Records from a dataset
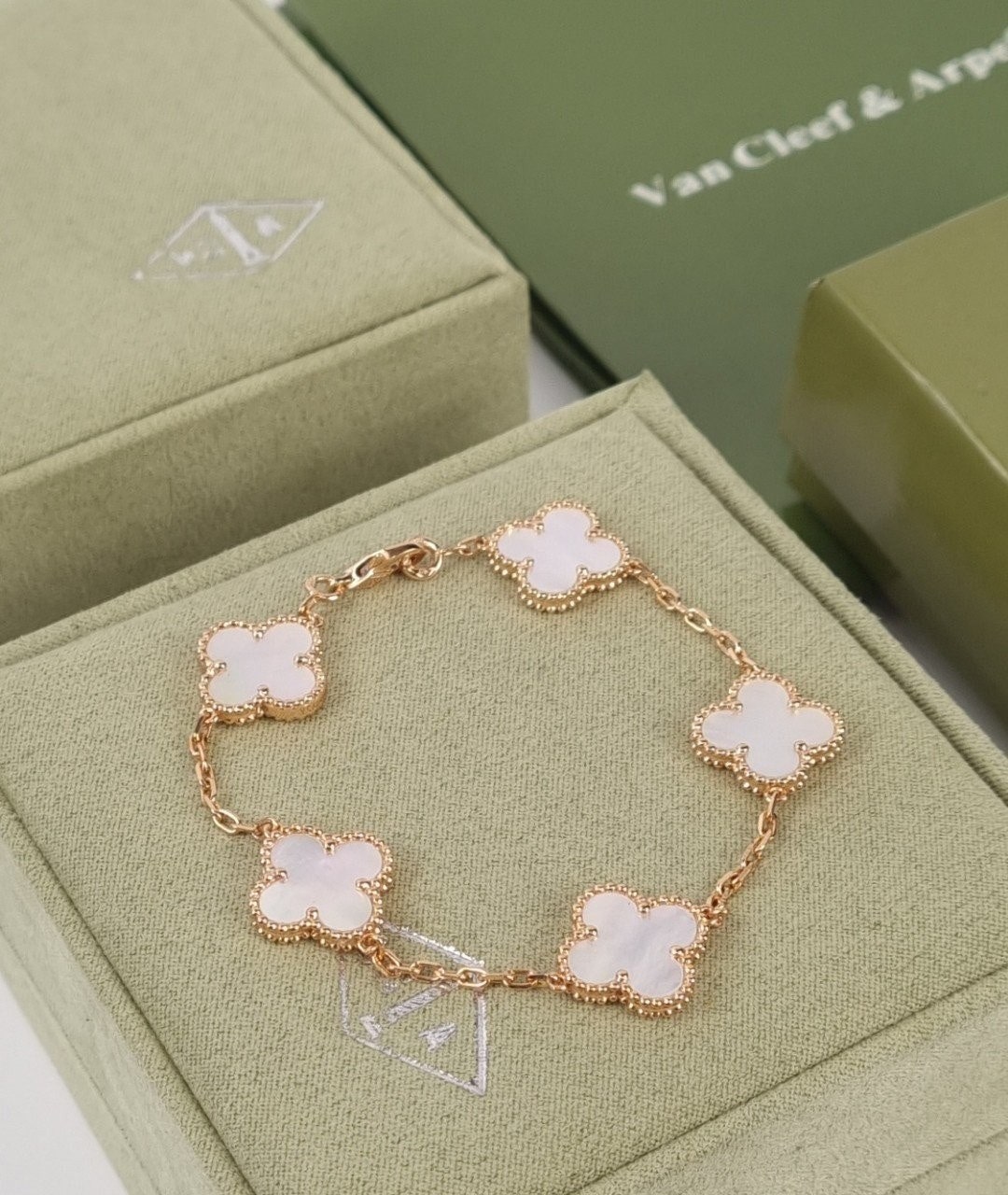 0_4dgUd018svcspef6ulh1n7y_413zjm.jpg 0_4dgUd018svcspef6ulh1n7y_413zjm.jpg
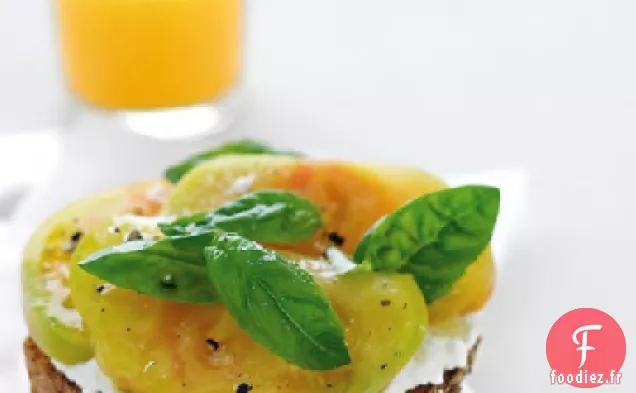 Toast à la Ricotta et aux Tomates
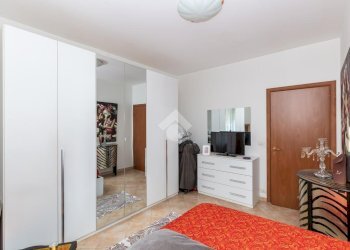 Two-room apartment Via De Nicola, Beinasco - photo 14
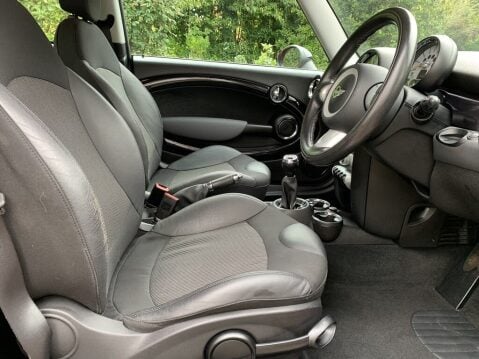 Mini Hatch 1.6 COOPER 3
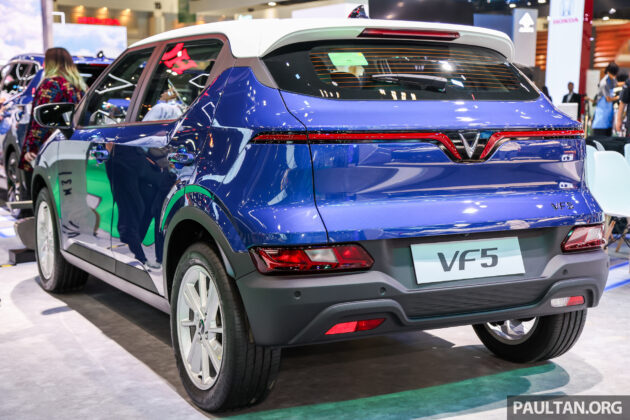 VinFast VF5 EV再次现身我国道路, 这次悬挂正式车牌号!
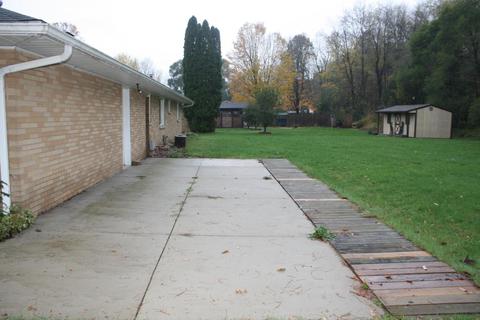 16589 E Augusta Dr, Augusta, MI 49012 photo 23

- **Activity**: In the records above, find the line that contains "Two-room apartment Via", then write it out along with every line after it, exactly, through the last one. Leave the pictures out.

- **Solution to this task**:
 Two-room apartment Via De Nicola, Beinasco - photo 14
 Mini Hatch 1.6 COOPER 3
 VinFast VF5 EV再次现身我国道路, 这次悬挂正式车牌号!
 16589 E Augusta Dr, Augusta, MI 49012 photo 23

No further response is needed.